We didn't do Costa Rica justice, there's no doubt about it. It isn't Costa Rica's fault, but a lot of travellers spend less time here than they'd originally planned, as it's an expensive place that stands out among its neighbours as a massive tourist hole. In the end, we were no exception.
It wasn't the expense that got to us, but the lack of value for money. We felt ripped off all the time in Costa Rica, because we've seen similar things in other countries, but without the high price tags and without the crowds of tourists. Costa Rica is a great destination if you're on a short holiday, but it isn't so great if you're travelling through the whole of Central America, and it had the astonishing effect of making us nostalgic for Nicaragua, which we'd left only a few days before with a sense of relief.
Our frustration lasted to the end. At the airport in San José, you have to pay a departure tax in cash, which we knew about, but we assumed we'd pay at the check-in desk. There were no signs anywhere telling us what to do, so we queued for the check-in, only to find that we had to pay the tax at the other end of the airport first, and then check in. So we dragged our bags to the snaking queue at the other end of the airport, where we had to pay US$29 each in cash, and dragged them back to the check-in, thinking all the time that this is Costa Rica in a nutshell: extra charges pop up everywhere that are inconvenient and not insignificant. By the time we finally got onto our flight, which was delayed because the airline 'had a lot of planes going today', we were itching to leave.

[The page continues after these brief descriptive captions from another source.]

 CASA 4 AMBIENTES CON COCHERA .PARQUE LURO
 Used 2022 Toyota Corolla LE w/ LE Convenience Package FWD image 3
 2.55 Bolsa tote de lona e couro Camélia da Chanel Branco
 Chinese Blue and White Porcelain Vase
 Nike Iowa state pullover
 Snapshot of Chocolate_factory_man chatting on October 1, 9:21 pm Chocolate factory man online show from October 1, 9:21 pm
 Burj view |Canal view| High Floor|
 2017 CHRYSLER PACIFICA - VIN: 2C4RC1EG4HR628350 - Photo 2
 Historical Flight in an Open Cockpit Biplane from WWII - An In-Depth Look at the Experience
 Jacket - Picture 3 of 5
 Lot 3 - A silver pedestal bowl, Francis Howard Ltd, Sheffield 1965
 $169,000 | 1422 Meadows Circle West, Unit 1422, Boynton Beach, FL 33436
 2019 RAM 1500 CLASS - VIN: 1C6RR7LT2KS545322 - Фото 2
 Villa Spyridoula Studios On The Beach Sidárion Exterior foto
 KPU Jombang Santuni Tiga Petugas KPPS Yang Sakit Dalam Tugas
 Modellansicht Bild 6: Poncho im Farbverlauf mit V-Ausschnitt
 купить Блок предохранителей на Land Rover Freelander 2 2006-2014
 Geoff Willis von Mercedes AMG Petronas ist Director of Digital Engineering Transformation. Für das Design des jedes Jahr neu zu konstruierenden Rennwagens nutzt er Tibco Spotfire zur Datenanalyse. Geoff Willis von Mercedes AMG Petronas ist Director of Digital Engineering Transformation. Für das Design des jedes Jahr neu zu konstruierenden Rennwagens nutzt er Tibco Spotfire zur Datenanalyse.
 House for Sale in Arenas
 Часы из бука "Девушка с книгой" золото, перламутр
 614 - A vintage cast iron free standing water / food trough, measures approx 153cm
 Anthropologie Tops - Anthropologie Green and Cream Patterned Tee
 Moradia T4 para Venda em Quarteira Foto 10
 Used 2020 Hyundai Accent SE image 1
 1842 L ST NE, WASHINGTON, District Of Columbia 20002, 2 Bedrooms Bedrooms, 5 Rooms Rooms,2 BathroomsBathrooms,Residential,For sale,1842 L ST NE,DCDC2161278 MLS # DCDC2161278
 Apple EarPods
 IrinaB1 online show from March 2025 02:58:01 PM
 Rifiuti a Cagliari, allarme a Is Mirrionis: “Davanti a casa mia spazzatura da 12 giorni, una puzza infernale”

But it would be churlish to blame Costa Rica for all this. It is what it is, and in the end we just weren't in the mood for a long trip in an overpriced tourist destination. I'd originally planned a month here; instead we managed nine days, and we decided to leave after just five. That's the good thing about travelling; if you don't like where you are, you can always move on, and that's precisely what we did... and without an ounce of regret.